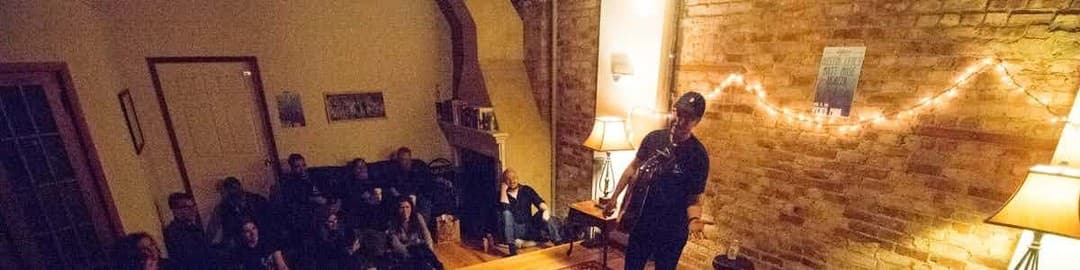 Sofar Sounds Worcester MA secret show in Secret Location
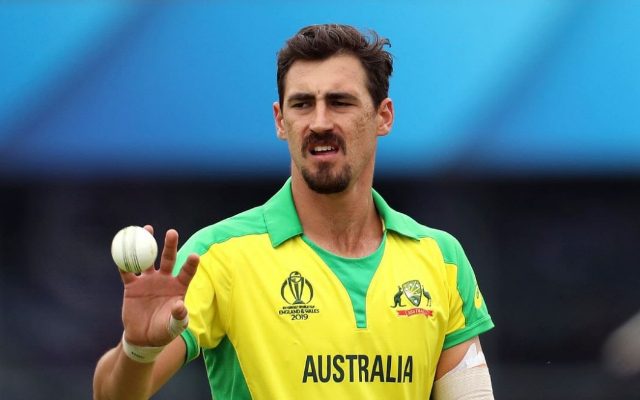 Mitchell Starc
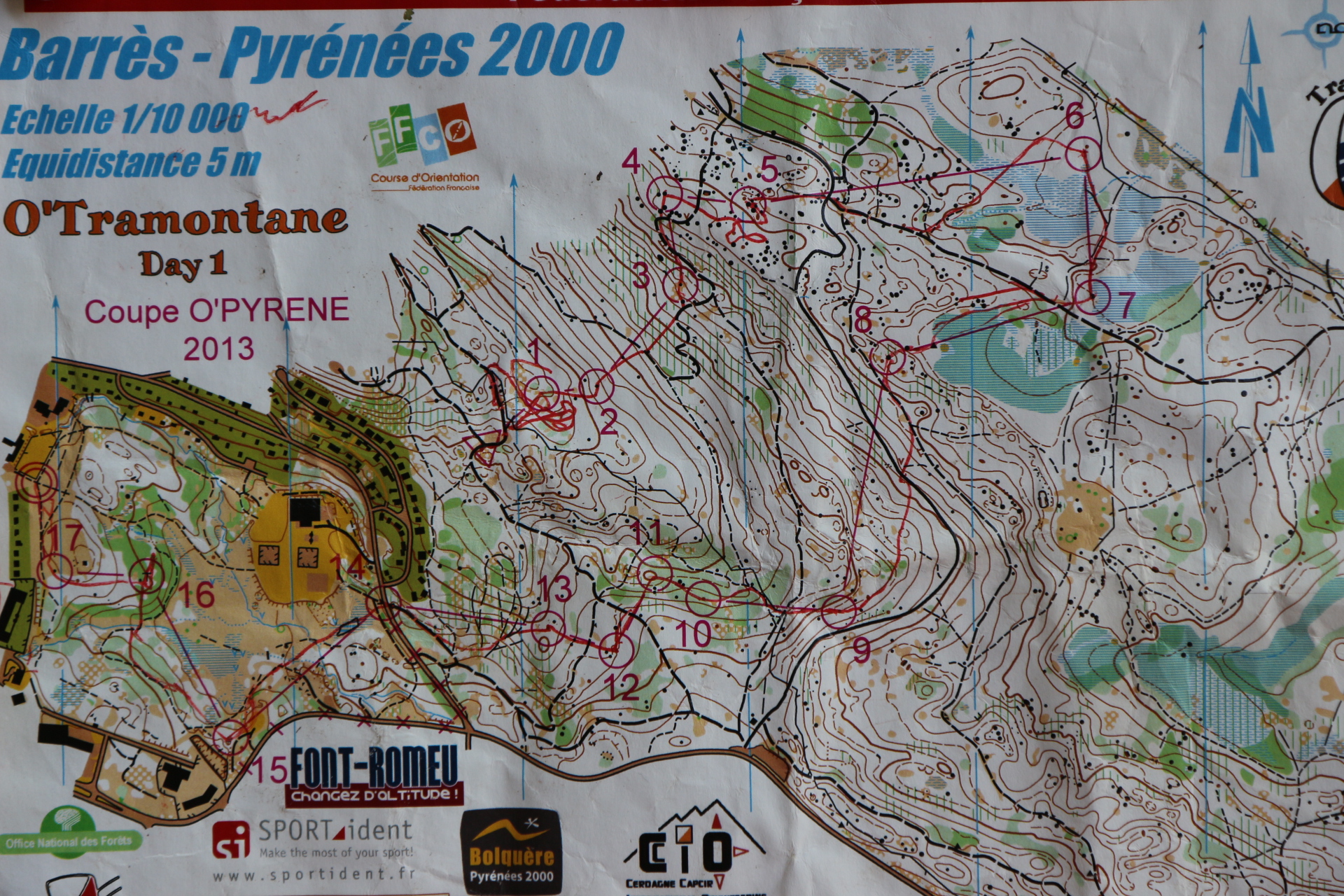 O'Traymonte day 1 (13.07.2013)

------------------------------------

-- Problem statement --
The data above must be written out again without alteration, and the pictures in them must be excluded.

-- Response --
 Sofar Sounds Worcester MA secret show in Secret Location
 Mitchell Starc
 O'Traymonte day 1 (13.07.2013)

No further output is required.